Motion Anything: Any to Motion Generation
Zeyu Zhang*, Yiran Wang*, Wei Mao, Danning Li, Akira Zhao, Biao Wu, Zirui Song, Bohan Zhuang, Ian Reid, Richard Hartley

Motion Anything advances multimodal motion generation with an Any-to-Motion framework, introducing Attention-based Mask Modeling for fine-grained control. It surpasses prior methods and introduces TMD, a large text-music-dance dataset, achieving state-of-the-art results.


Research Experience


Research Intern
GigaAI
Dec 2024 - Present
3D generation, spatial intelligence, and world model, working with Dr. Zheng Zhu (GigaAI).
Research Intern
Alibaba DAMO Academy
Oct 2024 - Present
Efficient long video generation, working with Mr.
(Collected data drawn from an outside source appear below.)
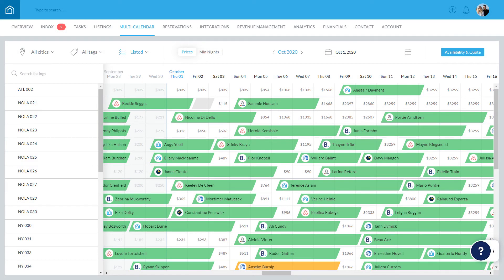Note that you can also create a reservation manually from wherever you are in Guesty by clicking the plus icon and selecting New Reservation.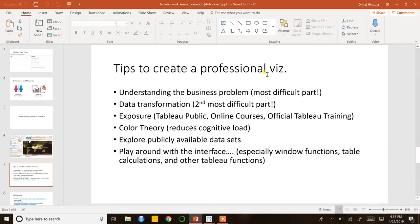I think the solution to that is practice, practice, practice. You just have to get yourself exposed to more problems and try out different solutions. Which brings me to the third point: exposure. Just going through different Tableau Public profiles, doing online courses, official Tableau training, getting yourself Tableau certified — it'll help you get exposure to different data science problems and learn best practices created by different people.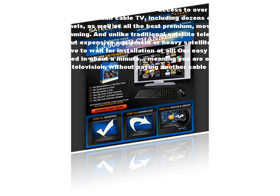In fact, you don't even have to wait for installation at all. Our easy-to-use software can be downloaded in about a minute, meaning you are only 60 seconds away from great television, without paying another cable bill ever again.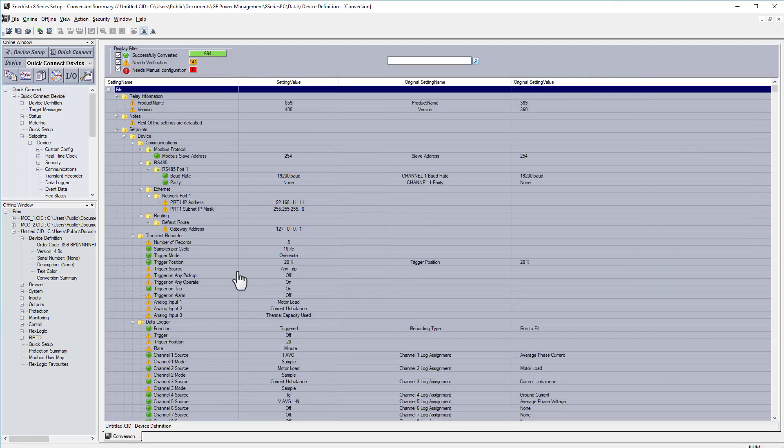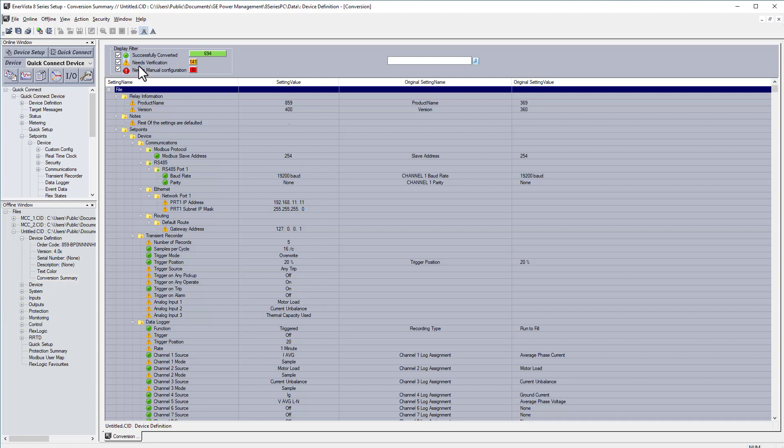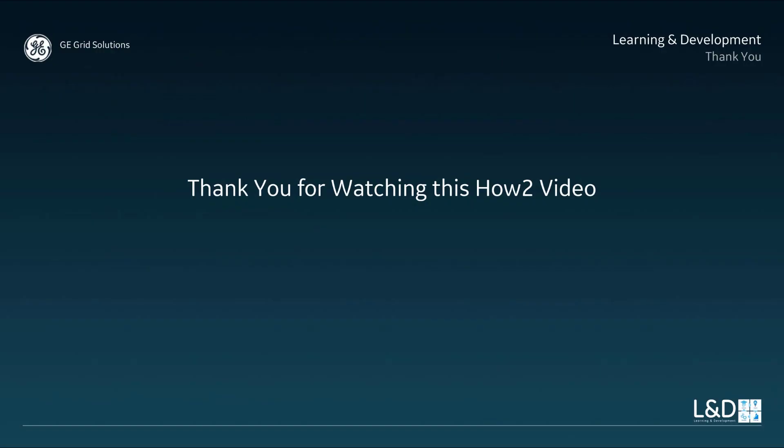You can see different colors in the results. Green indicates successfully converted, amber color means you need verification, and red color indicates manual configuration is needed.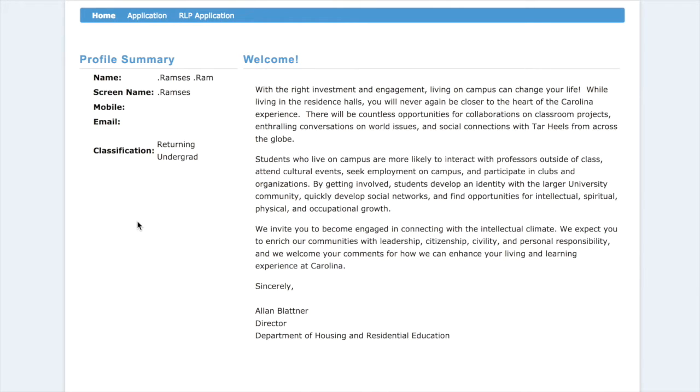Welcome to the housing application tutorial. My name is Rams Ramsey and I will be guiding you through your application today.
Jiasheng Tang (DAMO) and Prof. Bohan Zhuang (ZJU, DAMO).
Researcher
Peking University
July 2024 - Present
Spatial intelligence and embodied AI, working with Asst. Prof. Hao Tang (PKU).
Research Assistant
La Trobe University
Apr 2024 - Present
3D generation and AI for Heath, working with Dr. Yang Zhao (La Trobe University).
Research Assistant
Flinders Health and Medical Research Institute (FHMRI)
Nov 2022 - Present
3D medical imaging analysis, particularly in the realms of 2D and 3D medical representation learning and explainable AI, working with Dr. Minh-Son To (FHMRI).


Education Experience


Bachelor of Science (Advanced) (Honours)
The Australian National University (ANU)
Jul 2021 - Jun 2025
Major: Computer Science, Minor: Mathematics, First Class Honours (H1), GPA: 6.656/7


Honors and Awards

Chancellor's Letter of Commendation, The Australian National University, July 2025.
NRF Vacation Scholarship, NeuroSurgical Research Foundation, Oct 2023.
Flinders Summer Research Scholarship, Flinders University CMPH, Nov 2022.
UNSW Science Vacation Research Scholarship, The UNSW Sydney, Oct 2022.


Academic Services

Conference Reviewer: CVPR 2025 2026, ICLR 2025 2026, AAAI 2026, MM 2025, IJCAI 2025, MICCAI 2025, CHI 2025, 3DV 2026, VR 2025.


Talks

(09/19/2025) Grounding Foundation Models to the Real World @ Peking University. Our slides and recording are available.
(09/18/2025) Spatial Intelligence: From Virtual to Real Worlds @ Yahaha. Our slides and recording are available.
(07/22/2024) Motion Mamba: Efficient and Long Sequence Motion Generation @ miHoYo. Our slides are available.